Recordemos también unas palabras de San John Henry Newman: "Únicamente la caridad os hará capaces de vivir bien y de morir bien”. Le pedimos a María que ruegue por nosotros ahora y en la hora de nuestra muerte. 

domingo, 1 de noviembre de 2020

Llamada a la santidad

La Solemnidad de Todos los Santos nos invita a recordar la llamada universal a la santidad, que proclamó el Concilio Vaticano II en la Constitución Dogmática Lumen Gentium: “Todos los fieles, cristianos, de cualquier condición y estado, fortalecidos con tantos y tan poderosos medios de salvación, son llamados por el Señor, cada uno por su camino, a la perfección de aquella santidad con la que es perfecto el mismo Padre” (n. 11). “En la Iglesia, todos, lo mismo quienes pertenecen a la Jerarquía que los apacentados por ella, están llamados a la santidad, según aquello del Apóstol: «Porque ésta es la voluntad de Dios, vuestra santificación» (1 Ts 4, 3; cf. Ef 1, 4)” (n. 39). “Quedan, pues, invitados y aun obligados todos los fieles cristianos a buscar insistentemente la santidad y la perfección dentro del propio estado” (n. 42).

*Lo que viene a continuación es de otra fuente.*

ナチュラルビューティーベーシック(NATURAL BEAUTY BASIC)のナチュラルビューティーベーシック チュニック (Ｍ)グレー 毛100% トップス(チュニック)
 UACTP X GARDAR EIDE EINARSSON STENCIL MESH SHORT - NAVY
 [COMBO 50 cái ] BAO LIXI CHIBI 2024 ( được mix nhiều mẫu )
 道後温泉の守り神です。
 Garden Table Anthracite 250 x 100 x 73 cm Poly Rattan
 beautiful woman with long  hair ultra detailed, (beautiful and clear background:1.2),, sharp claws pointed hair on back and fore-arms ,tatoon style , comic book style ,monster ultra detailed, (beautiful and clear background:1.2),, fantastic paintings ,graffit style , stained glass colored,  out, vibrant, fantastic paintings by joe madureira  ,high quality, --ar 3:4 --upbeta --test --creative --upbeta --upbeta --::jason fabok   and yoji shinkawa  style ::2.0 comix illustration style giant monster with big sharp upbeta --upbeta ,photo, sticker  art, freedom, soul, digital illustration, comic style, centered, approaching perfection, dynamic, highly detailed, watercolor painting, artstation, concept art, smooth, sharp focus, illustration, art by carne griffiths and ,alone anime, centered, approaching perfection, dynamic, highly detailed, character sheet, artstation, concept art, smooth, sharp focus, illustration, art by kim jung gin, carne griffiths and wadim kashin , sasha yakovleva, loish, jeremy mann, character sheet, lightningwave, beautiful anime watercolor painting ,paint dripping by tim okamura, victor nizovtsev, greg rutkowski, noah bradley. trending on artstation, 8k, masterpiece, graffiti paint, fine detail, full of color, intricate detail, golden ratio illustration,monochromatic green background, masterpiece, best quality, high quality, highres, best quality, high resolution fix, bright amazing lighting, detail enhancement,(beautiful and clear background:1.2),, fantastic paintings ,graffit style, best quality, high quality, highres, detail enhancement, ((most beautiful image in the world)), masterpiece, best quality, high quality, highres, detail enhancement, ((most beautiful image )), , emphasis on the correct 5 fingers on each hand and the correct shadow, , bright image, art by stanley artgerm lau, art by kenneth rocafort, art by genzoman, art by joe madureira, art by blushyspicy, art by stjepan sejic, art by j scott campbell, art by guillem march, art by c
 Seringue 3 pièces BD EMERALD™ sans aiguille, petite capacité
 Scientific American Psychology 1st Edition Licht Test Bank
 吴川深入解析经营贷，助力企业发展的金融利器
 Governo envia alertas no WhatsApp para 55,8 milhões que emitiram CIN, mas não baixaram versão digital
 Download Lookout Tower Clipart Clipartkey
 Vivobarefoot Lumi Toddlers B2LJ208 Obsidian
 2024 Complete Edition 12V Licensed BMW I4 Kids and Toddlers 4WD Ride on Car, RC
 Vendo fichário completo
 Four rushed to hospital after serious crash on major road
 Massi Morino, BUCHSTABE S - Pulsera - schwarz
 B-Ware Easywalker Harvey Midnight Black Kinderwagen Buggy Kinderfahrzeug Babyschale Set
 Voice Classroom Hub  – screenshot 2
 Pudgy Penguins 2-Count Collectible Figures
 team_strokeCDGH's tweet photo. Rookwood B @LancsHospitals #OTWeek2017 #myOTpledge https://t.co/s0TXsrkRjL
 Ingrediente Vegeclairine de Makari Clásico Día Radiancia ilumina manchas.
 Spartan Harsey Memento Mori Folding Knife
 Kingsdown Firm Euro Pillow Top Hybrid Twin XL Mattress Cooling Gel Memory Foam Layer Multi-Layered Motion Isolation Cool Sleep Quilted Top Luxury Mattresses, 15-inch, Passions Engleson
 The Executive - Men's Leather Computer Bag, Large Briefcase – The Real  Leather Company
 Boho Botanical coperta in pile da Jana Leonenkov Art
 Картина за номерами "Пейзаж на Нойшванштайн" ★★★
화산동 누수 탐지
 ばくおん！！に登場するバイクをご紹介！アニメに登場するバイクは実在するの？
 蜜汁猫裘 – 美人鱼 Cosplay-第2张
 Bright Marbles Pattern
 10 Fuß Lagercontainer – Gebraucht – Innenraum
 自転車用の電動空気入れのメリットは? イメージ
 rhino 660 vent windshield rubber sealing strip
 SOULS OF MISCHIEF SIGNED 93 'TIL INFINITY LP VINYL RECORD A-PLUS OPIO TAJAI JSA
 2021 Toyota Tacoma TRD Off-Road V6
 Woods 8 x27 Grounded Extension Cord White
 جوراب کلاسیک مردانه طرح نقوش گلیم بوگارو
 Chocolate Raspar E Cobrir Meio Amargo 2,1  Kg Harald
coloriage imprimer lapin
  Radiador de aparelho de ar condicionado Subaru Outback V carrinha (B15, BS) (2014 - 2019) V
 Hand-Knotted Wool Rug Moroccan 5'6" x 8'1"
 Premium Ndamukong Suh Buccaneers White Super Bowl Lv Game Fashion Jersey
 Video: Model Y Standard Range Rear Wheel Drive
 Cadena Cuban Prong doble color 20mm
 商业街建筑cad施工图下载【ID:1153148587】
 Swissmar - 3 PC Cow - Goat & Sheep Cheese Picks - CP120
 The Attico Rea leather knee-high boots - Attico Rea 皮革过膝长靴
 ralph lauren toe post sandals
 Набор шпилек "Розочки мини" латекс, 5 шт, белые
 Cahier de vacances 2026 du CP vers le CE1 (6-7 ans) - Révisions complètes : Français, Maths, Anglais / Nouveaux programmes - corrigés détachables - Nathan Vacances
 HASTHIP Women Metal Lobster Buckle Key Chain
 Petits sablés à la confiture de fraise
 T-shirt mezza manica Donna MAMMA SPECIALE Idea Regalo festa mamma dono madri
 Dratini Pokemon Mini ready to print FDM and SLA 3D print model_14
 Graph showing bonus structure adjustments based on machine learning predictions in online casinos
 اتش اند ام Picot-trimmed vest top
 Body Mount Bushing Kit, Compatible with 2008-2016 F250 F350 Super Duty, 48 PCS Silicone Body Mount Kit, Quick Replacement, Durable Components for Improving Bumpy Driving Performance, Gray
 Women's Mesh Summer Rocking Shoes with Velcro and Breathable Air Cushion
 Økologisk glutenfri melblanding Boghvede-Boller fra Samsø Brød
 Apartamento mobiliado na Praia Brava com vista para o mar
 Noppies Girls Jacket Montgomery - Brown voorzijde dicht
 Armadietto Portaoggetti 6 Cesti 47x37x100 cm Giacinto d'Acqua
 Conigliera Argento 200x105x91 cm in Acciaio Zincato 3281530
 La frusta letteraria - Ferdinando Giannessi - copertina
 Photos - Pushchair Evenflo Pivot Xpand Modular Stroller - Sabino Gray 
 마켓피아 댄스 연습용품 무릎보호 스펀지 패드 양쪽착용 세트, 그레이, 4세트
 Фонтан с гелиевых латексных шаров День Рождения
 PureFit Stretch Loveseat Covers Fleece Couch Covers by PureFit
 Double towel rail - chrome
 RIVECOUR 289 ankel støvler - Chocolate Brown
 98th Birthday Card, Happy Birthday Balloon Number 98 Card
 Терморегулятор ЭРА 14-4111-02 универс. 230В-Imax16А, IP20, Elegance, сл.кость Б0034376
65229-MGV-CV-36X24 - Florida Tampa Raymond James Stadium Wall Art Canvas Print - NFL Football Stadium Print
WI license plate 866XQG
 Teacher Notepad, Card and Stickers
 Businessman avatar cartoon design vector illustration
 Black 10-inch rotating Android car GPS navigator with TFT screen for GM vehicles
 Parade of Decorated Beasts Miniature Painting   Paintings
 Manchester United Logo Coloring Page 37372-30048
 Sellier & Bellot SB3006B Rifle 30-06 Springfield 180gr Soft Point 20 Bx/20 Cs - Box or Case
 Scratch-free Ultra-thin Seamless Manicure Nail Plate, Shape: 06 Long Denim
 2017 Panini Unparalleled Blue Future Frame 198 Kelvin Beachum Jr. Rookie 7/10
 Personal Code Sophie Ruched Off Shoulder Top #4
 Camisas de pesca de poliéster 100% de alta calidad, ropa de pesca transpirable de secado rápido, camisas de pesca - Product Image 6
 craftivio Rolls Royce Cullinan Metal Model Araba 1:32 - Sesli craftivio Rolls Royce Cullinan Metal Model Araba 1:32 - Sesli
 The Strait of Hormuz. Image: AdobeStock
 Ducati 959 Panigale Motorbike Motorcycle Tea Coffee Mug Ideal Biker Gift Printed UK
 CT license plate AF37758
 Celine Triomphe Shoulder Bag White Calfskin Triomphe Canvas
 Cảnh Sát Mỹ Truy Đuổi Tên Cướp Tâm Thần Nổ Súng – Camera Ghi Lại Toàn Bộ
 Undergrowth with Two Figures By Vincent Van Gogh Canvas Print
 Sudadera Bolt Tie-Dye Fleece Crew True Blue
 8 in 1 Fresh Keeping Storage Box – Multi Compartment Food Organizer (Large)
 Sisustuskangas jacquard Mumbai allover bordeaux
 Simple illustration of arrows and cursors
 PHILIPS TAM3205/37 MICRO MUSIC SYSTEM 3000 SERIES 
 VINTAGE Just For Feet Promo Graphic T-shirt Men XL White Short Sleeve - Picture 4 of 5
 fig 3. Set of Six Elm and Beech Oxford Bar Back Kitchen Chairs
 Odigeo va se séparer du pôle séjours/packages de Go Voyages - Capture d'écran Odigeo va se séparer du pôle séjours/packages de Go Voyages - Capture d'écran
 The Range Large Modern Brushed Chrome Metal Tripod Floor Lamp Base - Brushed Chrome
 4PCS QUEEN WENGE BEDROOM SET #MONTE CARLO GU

Pero, ¿qué es la santidad?, ¿qué tenemos que hacer para alcanzarla?, ¿en qué se nota que una persona va por el camino de la santidad o se aleja de él?

Es natural que, cada uno, nos hagamos estas preguntas u otras parecidas. Sabemos que sólo Dios es Santo y Bueno, como le dijo Jesús al joven rico (cfr. Mc 10, 18). Además, en este mundo no hay ningún “santo”. Todos somos pecadores. Un gran “santo” puede convertirse en un gran pecador, y un gran pecador, en un gran santo. Alcanzaremos la plenitud de la santidad en la vida eterna.

Por otra parte, sólo Dios conoce lo que hay en cada hombre (cfr. Jn 2, 24). Nosotros podemos equivocarnos al juzgar a las personas. Alguien que no tiene apariencia de santo puede llevar una vida de santidad mayor que otro, que parece muy santo.

Todos recibimos muchos dones de Dios, pero en diversa medida. Lo decisivo es cómo correspondemos a esas gracias. Qué tan generosos somos, habiendo conocido el gran amor que el Padre nos tiene, en Jesucristo, responder decididamente a las inspiraciones y dones del Espíritu Santo.

Las virtudes heroicas que se piden a los santos, para su canonización, no son sucesos notables que ellos mismos hayan realizado por sí mismos, sino obras que Dios ha hecho a través de ellos, porque han sido muy dóciles a la gracia. Han sido hombres y mujeres de mucha oración: amigos verdaderos de Dios, que hablan con el Amigo y reciben la fuerza de Él, como Moisés, que hablaba cara a cara con el Señor (cfr. Ex 3, 11).

Ese es el secreto de la santidad de María: su profunda unión con Dios.